• [What is expected] Only the lines below between the one holding "Sai Narayanam Single" and the one holding "3·8女神節(jié)，", inclusive, are to be reproduced word for word; the pictures are to be left out.

• [Material provided]

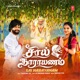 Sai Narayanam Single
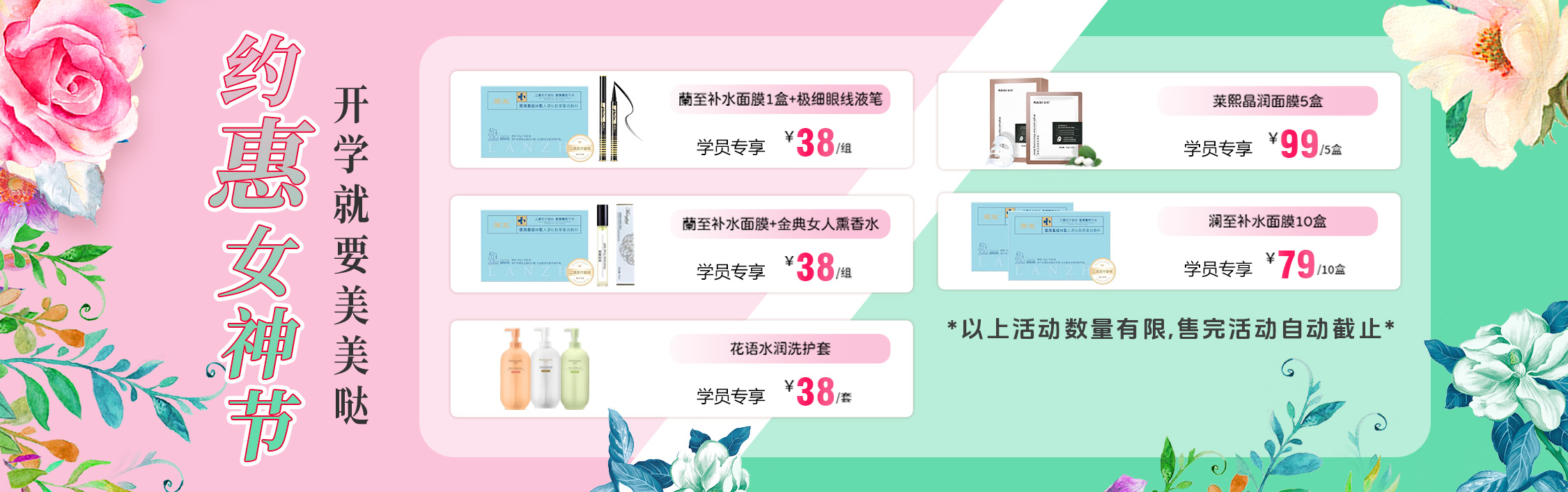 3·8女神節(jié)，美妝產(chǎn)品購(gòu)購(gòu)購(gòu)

==

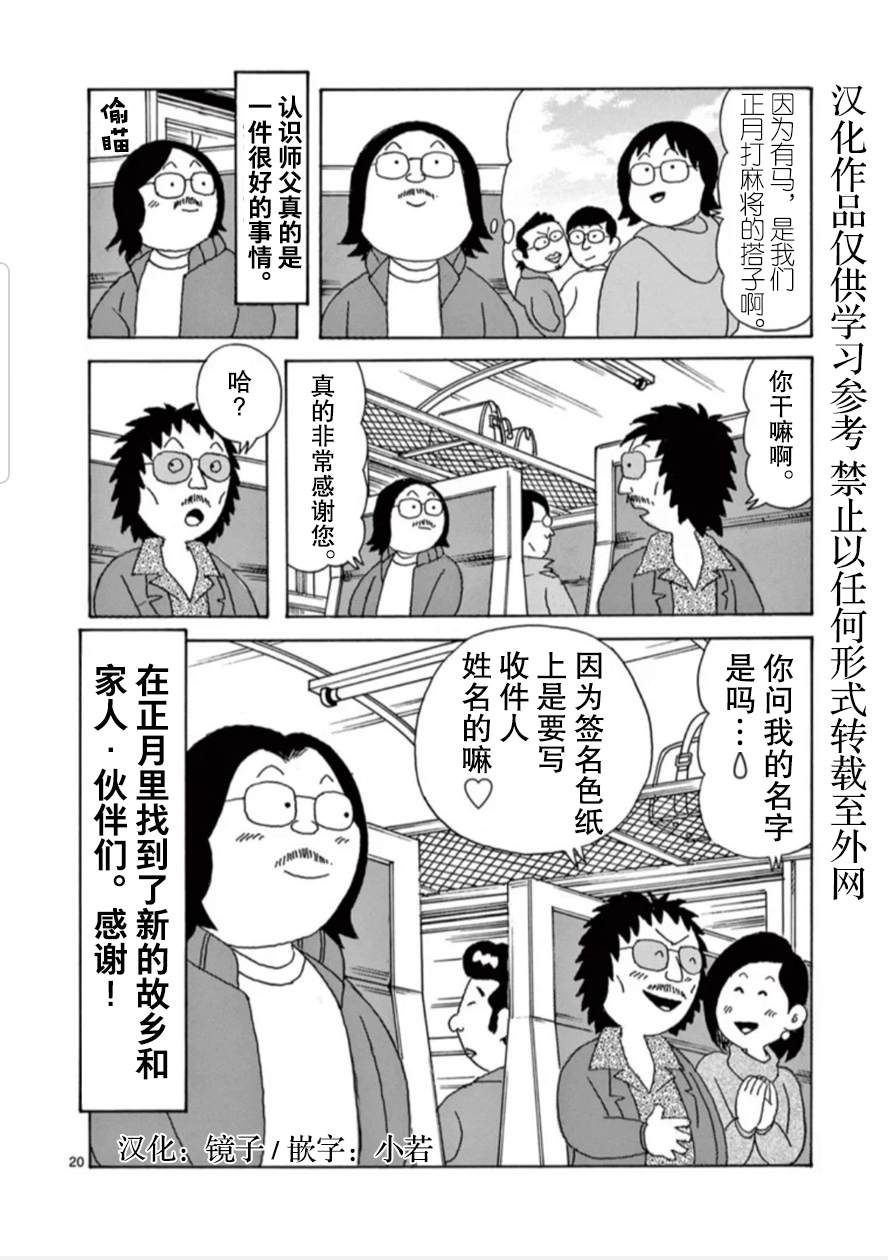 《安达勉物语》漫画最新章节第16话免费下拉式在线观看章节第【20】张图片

...

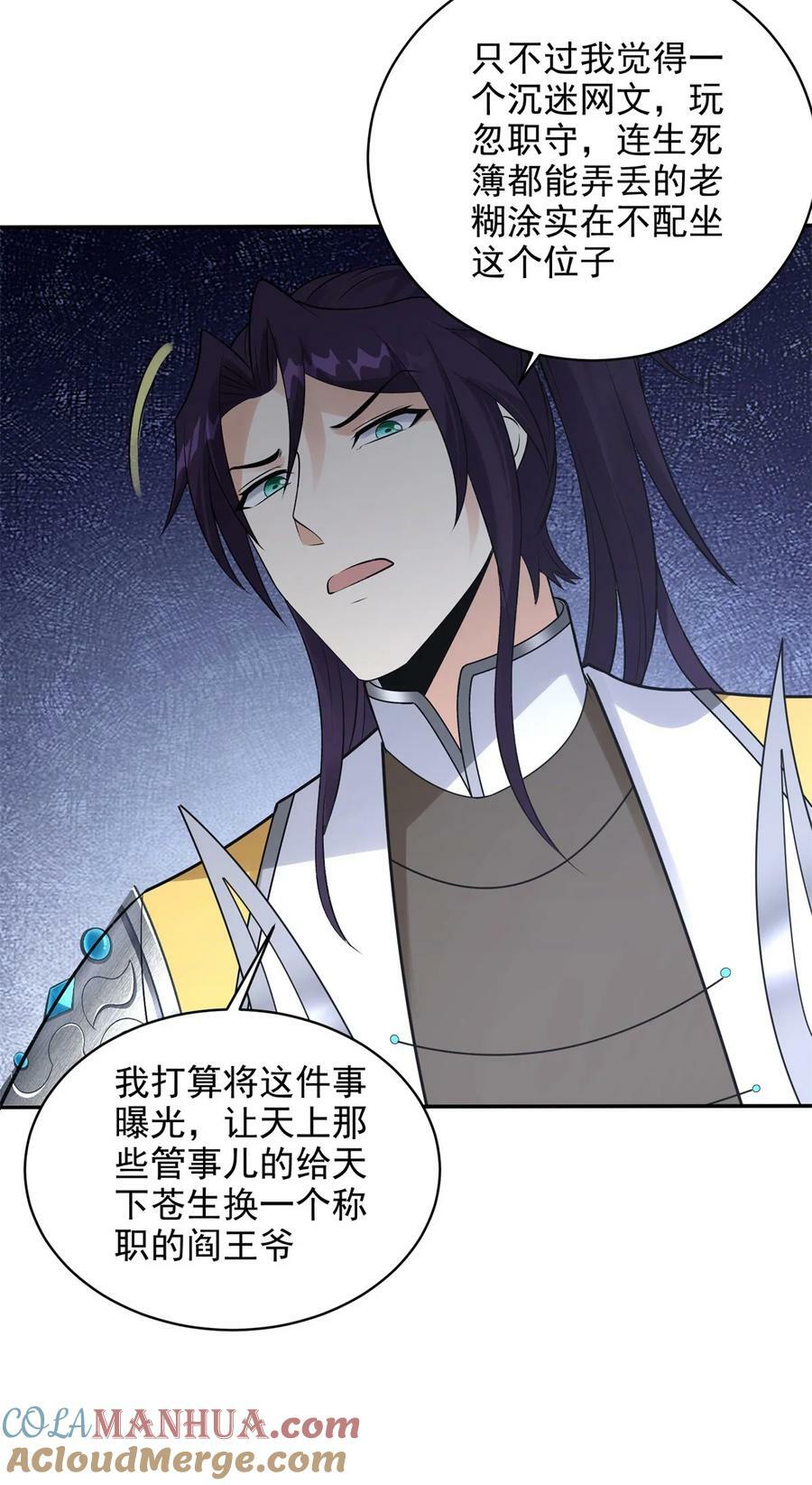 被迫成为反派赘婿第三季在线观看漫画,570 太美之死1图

• [Exercise solution]
 Sai Narayanam Single
 3·8女神節(jié)，美妝產(chǎn)品購(gòu)購(gòu)購(gòu)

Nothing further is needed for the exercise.